What results is that instead of building on our respective needs grounded firmly in the human person, the whole pyramid is coloured through shade of money. Instead of a building up the pyramid with solid stone, inferior wood has been used.
Money has become an end, not because humans are so naturally disordered that we seek such confusion rather, because humans seek a lasting completion and happiness in the incomplete. There is a chase for some intrinsic good, but because society is run by money, we are unable to recognise what it is that we really seek and hence assume it to be the things that we can buy with money. Is it any wonder that the people who live in the countryside seem to have a clearer world view than the people who live in the city?
Thus money today buys all sorts of things; it buys knowledge, health, longevity, looks, reputation, comfort, and even love. Think about the global education system, the health industry, medical supplements, cosmetic treatments, celebrity, material goods and social escort services.
What happens after we begin to view everything through the lens of money is a magnification of the monetary value of everything. We come to know the price of everything and the value of nothing. The economic view of being comes to pervade all aspects of our life, infusing so deep in as to suffocate us in the bedroom, a child becomes a financial burden better to be terminated than suffered. A senior citizen becomes an economic liability better to be sent away and left to expire. A person is judged by his ability to contribute to the workforce rather than by the content of his character.
What this manifests in is a slow demise of civilization as we know it, beginning with the most capitalist countries and eventually the rest that catch up in capitalism. Zimmerman talks about how the western world is closest to this end, I would like to suggest that the notions of the western/non-western world, developed/developing nations are obsolete.

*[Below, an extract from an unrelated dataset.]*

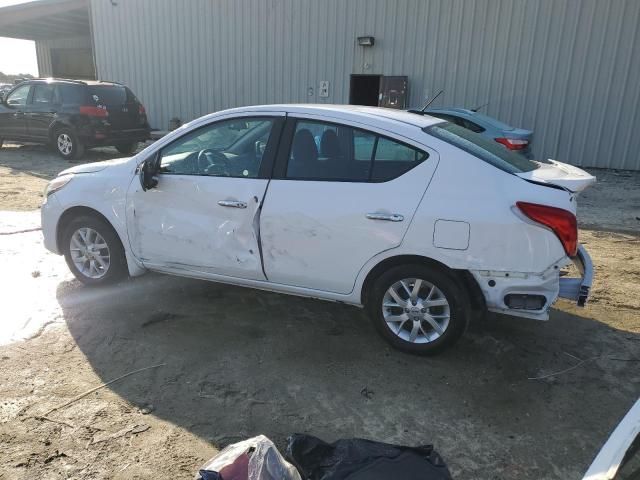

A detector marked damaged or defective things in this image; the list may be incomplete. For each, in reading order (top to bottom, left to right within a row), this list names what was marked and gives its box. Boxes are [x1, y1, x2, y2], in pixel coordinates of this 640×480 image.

Instead of a western/developing division the world could be looked at through an index of saturation – capitalism saturation. The measure of capitalism is a measure of how pervasive the “invisible hand” (that Adam Smith mentions) is in a society; the invisible hand not being the problem per se, but its unrestrained nature.

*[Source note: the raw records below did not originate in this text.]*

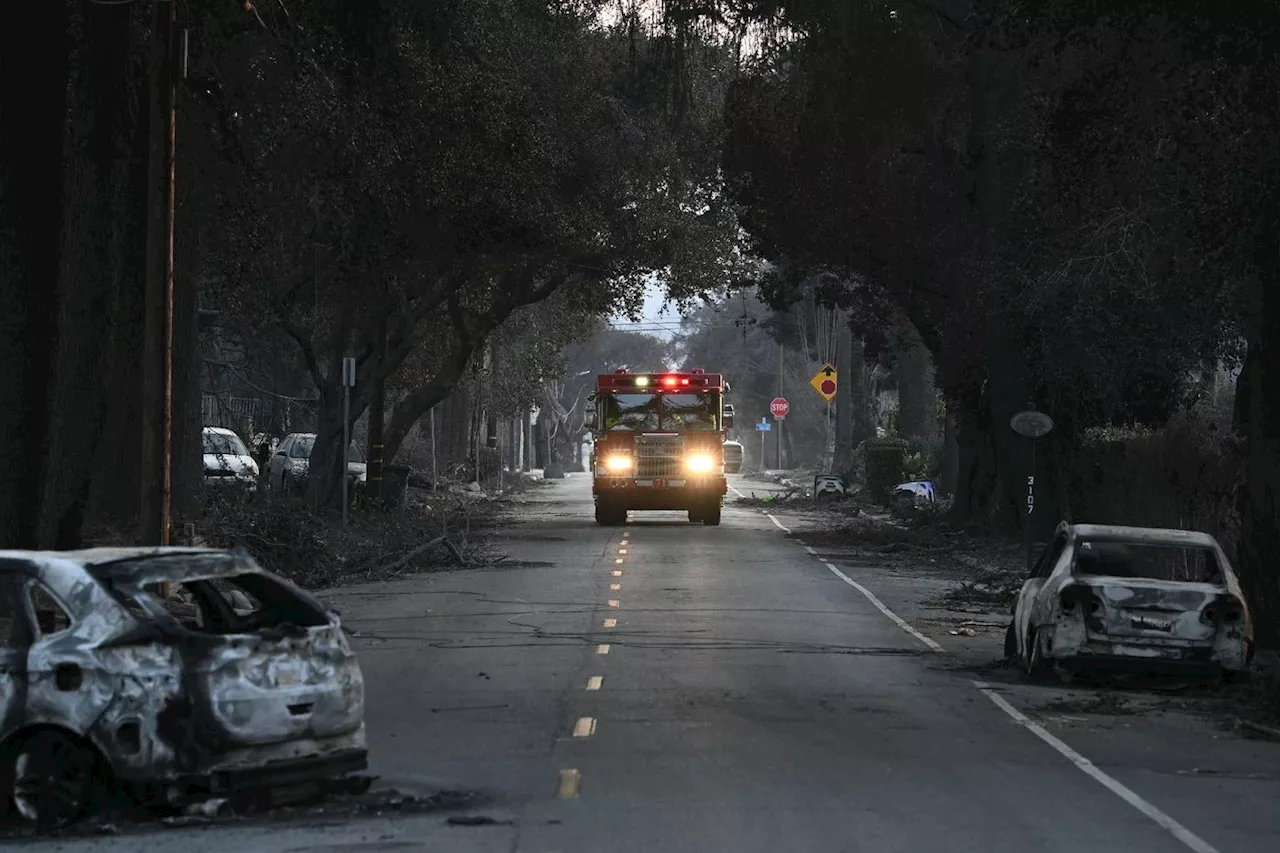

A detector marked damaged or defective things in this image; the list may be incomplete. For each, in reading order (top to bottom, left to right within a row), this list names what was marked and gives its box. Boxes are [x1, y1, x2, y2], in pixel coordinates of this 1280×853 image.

burned car [1008, 517, 1249, 676]
burned car on roadside [1008, 517, 1249, 676]
burned car [0, 545, 366, 824]
burned car on roadside [0, 545, 366, 824]
charred car wheel [9, 727, 101, 824]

The most capitalist countries happen to be the most developed, and the current economic powerhouses. These countries also happen to have obscenely high crime rates for their economic development, rapidly slowing population growth (and negative growth), soaring societal discontent, population growth is screeching to a halt. Lowering religiosity rates point to an eradication of the communal good in favour of individual rights (the exception is USA which has been aided by immigration of people from less developed countries).
The demise of civilization does not mean that the human race will die off; humans are more resilient than that. The higher up the index of saturation, the more capitalist a country is, the more dominated it is by the atomistic family. The atomistic family is however untenable and will eventually erode itself through its own self-serving means, leading in a shift of balance of power back to either the trustee or domestic family. The homogeneity of civilization (thanks to globalisation), means that the blind will lead the blind over the cliff, Capitalism would have to scale back, and just as the ancient Greeks and Romans lost their lustre of their empires, the same will eventually happen to this generation of humanity, beginning with the most capitalist of countries.